Napoli beatified Diego Maradona. In the end, the ‘sewer of Italy’, that Naples was called in the 1980s, contaminated him to the core. Maradona’s time at the club in southern Italy was full of contradictions. It was in fact, the football genius’ life in microcosm.
The arrival
In 1984, Maradona made the move to Napoli from Barcelona for a then world record fee of £5 million. “I expect peace. The peace I didn’t have in Barcelona,” Maradona said in Asif Kapadia’s 2019 documentary Diego Maradona.
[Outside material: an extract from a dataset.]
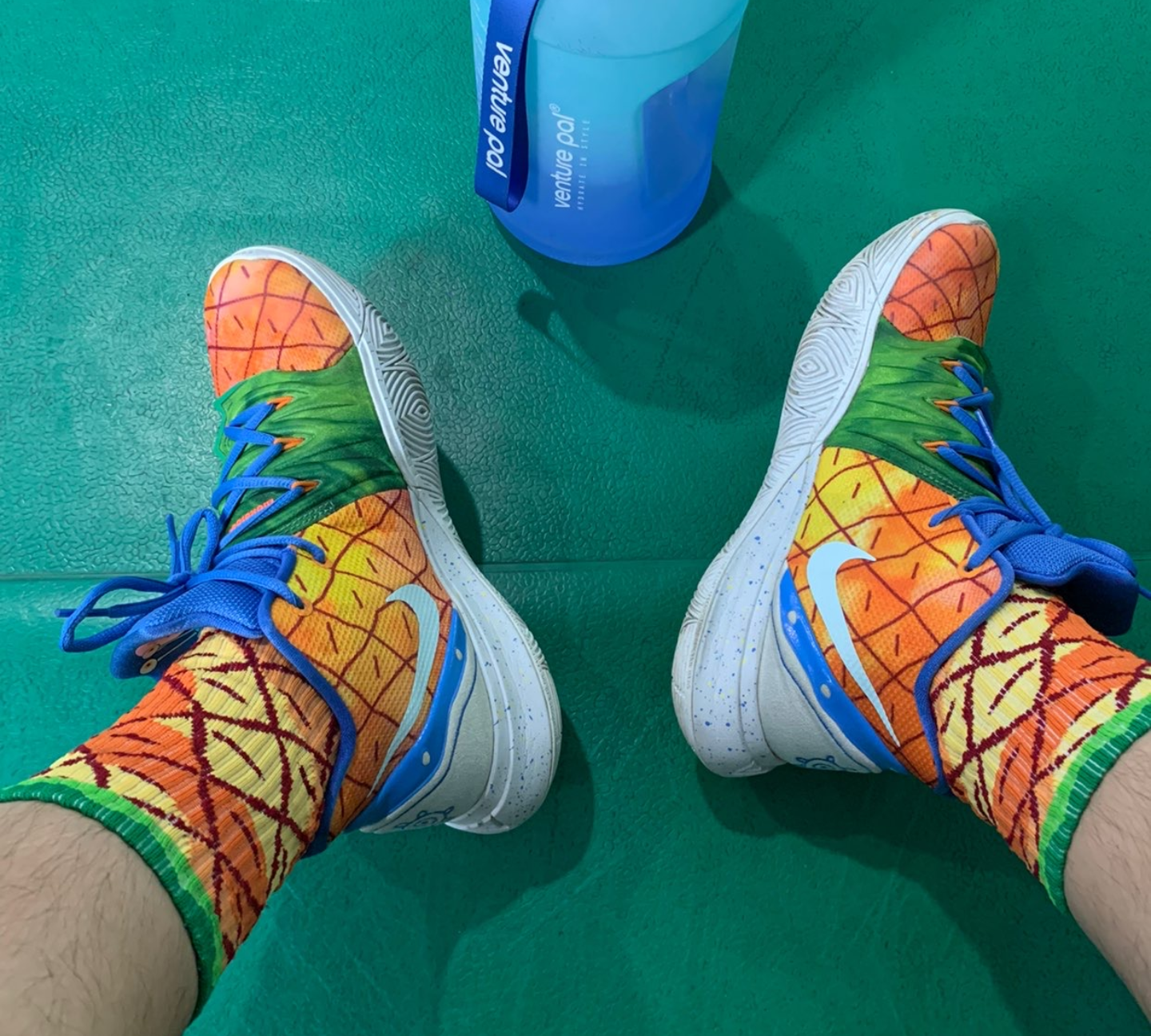 Giày Nike SpongeBob SquarePants x Kyrie 5 'Pineapple House' CJ6951-800 - Ảnh 3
A turnout of 85,000 welcomed him at Stadio San Paolo on July 5, 1984. It was chaotic. A reporter was thrown out of the press conference for his temerity to ask about Camorra, the feared mafia. Napoli as a club was a backbencher in Italian football, with only two Cups in their trophy cabinet until 1984 and never a Scudetto (Serie A title).
Life in Naples
“I asked for a house, I got a flat. I asked for a Ferrari, I got a Fiat,” Maradona said in the documentary. On the pitch, Napoli were a relegation-threatened side in 1984. Like the city, the football club, too, was rated as second-class by the Northerners – an assortment of rich people from Milan, Turin and other well-off cities in Italy. But things started to change. Juventus, the reigning European champions, were beaten at San Paolo during Maradona’s second season. Napoli were on the rise, finishing third in the league. Maradona was at the heart of the upturn.
First-ever Scudetto
On May 10, 1987, history was made. It was Napoli’s first-ever Serie A title. They got there by securing 42 points from 30 matches – two points were awarded for a win back then. Serie A was the richest league in the world then. Most of the big stars plied their trade there.

The 1986-87 season was also the great Juve master Michel Platini’s swansong. It became a footnote. Maradona scored 10 goals, provided countless assists and almost singlehandedly carried his team to the title. “The social redemption of our city,” Maradona’s team mate Ciro Ferrara said in the documentary. Maradona became Naples’ patron saint. A shrine was built.
Other honours
Napoli would win their second league title in 1989-90. In 1989, they annexed the Uefa Cup and the Italian Super Cup a year later. The Copa Italia was won in 1987. Between 1984 and 1991, Maradona made 188 appearances for Napoli and became the club’s all-time leading goal-scorer with 115 goals, a record that stood until 2017. In an interview with MARCA, legendary AC Milan and Italy defender Franco Baresi had this to say about Maradona: “… if I had to choose the strongest opponent, I’d say Maradona.”
The big fall
Throughout the summer of 1989, rumours were rife that Maradona would leave Napoli for Marseille for another undisclosed world-record fee. In August that year, he failed to attend a training camp and alleged that the local mafia was threatening him. According to Maradona, he had a gentleman’s agreement with the club authorities that he would leave after the 1990 World Cup. Maradona had alleged that Napoli reneged on the promise, causing a serious mental setback that took him to drugs. He would play at weekends, go on a drug binge on Mondays before returning to training mid-week. In 1991, he was banned after a test showed traces of cocaine. His 15-month suspension ended in 1992.

By then, Maradona was a pale shadow of his past. He gained weight and became slow. Kapadia’s documentary chronicled his fall through excerpts from a wire-tapping operation. The drug ban brought down the curtain. “When I arrived, there were 85,000 there to greet me. When I left, I was alone,” Maradona said in the documentary.